**Work required:** When you retype the data, keep every line exactly as it appears.

**Collected data:**
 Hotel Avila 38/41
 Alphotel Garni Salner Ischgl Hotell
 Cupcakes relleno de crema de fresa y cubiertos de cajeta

**Task response:**
 Hotel Avila 38/41
 Alphotel Garni Salner Ischgl Hotell
 Cupcakes relleno de crema de fresa y cubiertos de cajeta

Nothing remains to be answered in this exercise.